Certainly, Edwin Morgan thought so in his racy Glaswegian-accented version for Communicado in the early 1990s. “I cannae rap,” revealed one of the fractious male divas of the play’s world of white factional politics and literary infighting. Roxane – the cousin whom Cyrano adores but feels too shy and disfigured to woo except by proxy – colloquially captured the link between the hero’s testy idealistic drive and the streak of low self-esteem occasioned by his conk when she said: “Inaction/ Get right up his nose, right to distraction.”

Jamie Lloyd now goes for broke on the rap front in this characteristically inventive and sometimes piercingly perceptive production. It stars James McAvoy – who imparts the romantically excruciated hero with a vivid vehemence – and uses a new text by Martin Crimp that is diabolically wily. It is alive, too, to the ways in which the play’s competitive versifying is the equivalent of a present-day poetry slam. The staging is austere and minimalist; a chaste vellum-resembling set with a stand-up mike. Wearing a black, quilted, torso-hugging jerkin, McAvoy effaces the effete. The large cast is diverse and very talented, even if the wit is sometimes too academic.

McAvoy is very good at conveying the awful vertigo of Cyrano’s reluctant but self-merciless masochism.
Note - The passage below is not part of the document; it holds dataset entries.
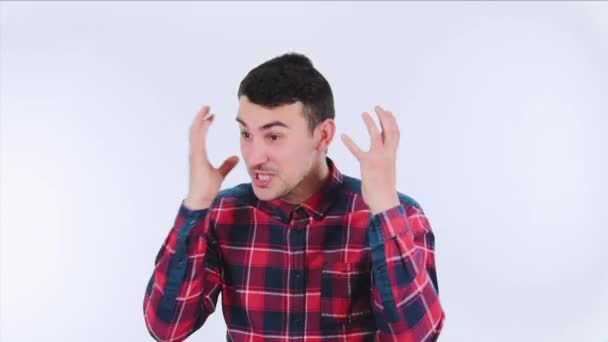 Stressed young man screaming isolated over white background. Casual angry guy hands to head having troubles being unlucky. Annoyance and depression feeling. - Felvétel, videó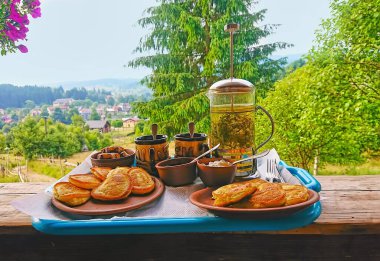 The tray with homemade pancakes and herbal tea on the terrace of the house in mountain forest, Carpathians, Ukraine clipart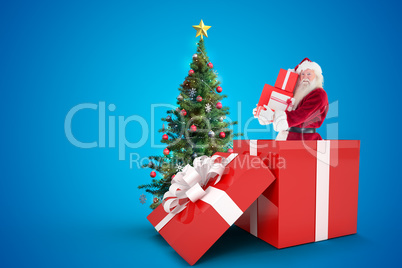 Composite image of santa standing in large gift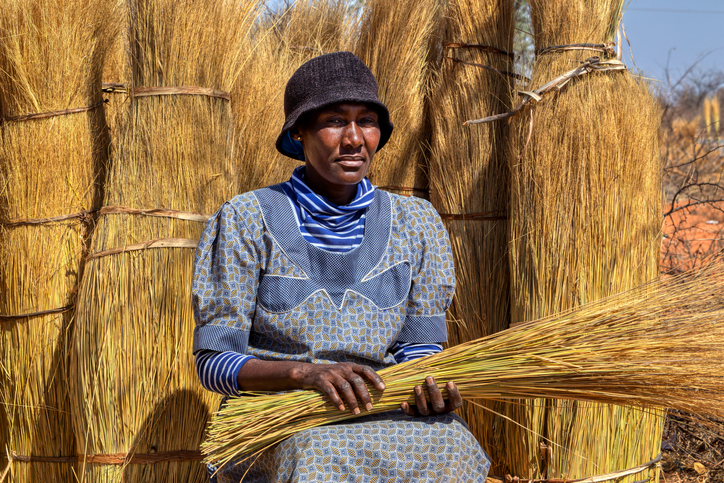African woman street vendor, crafts thatch brooms, cars on the road , in a village in Botswana , in front of thatch grass bundles for roof ,sunny day of summer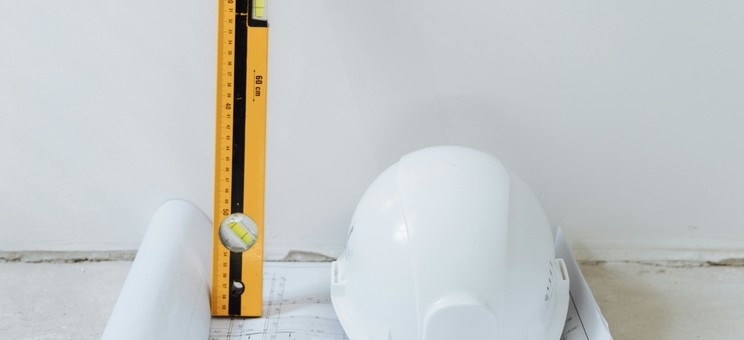 Kask budowlany, plan i poziomica symbolizują trwający remont
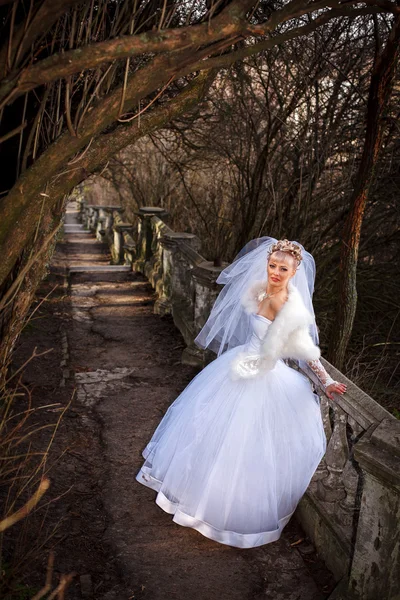 Bella sposa con elegante abito da sposa bianco con mano alla testa — Foto Stock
He woos Roxane (an eagerly intelligent Anita-Joy Uwajeh) through the ardent romantic speeches that he ghost-writes for the man she thinks she fancies: the comparatively ordinary dreamboat Christian, very well performed by Eben Figueiredo​, with more mischievous self-awareness than is usually indicated.

I need to issue a spoiler alert before alluding to the considerable psychological twist that Crimp’s version gives to the triangle at the play’s heart. Normally, if there is a suggestion that there is anything bisexual in Cyrano’s proxy procedures, it is the hero who is deemed to be unconscious of this possible motivation. But here it is Christian who wises up to the desire arguably implicit in this odd epistolary menage a trois and winds up pressing lips with the baffled and unswitched-on hero.

There is one curious aspect to proceedings that makes me wonder if I missed something. From where I was sitting, McAvoy looked to be parading a proboscis no bigger than the attractive, normal-sized one he was given by nature. Has the threat of Brexit brought about a run on theatrical nose putty? I feel more sure of myself in declaring the show – which kicks off a season of Jamie Lloyd productions at the Playhouse that includes Jessica Chastain’s West End debut in Ibsen’s A Doll’s House – inspired in its minimalist eloquence. For the scene in which a pained Cyrano provides Christian with poetic prompts for his wooing of Roxane, this production arranged red community-centre chairs in the S-shape of a traditional loveseat. Nothing could be simpler or more profoundly potent.

And, given the plot twist I have described, it makes brilliant counterintuitive sense that – in the increased, lonely bewilderment of old age – Cyrano and Roxane mutter, mutually mystified, into microphones as though they were a pair of estranged old lovers in a radio play by Pinter.

This new season looks set for the kind of success Lloyd and company had last year with their marvellous Pinter retrospective. Bravo.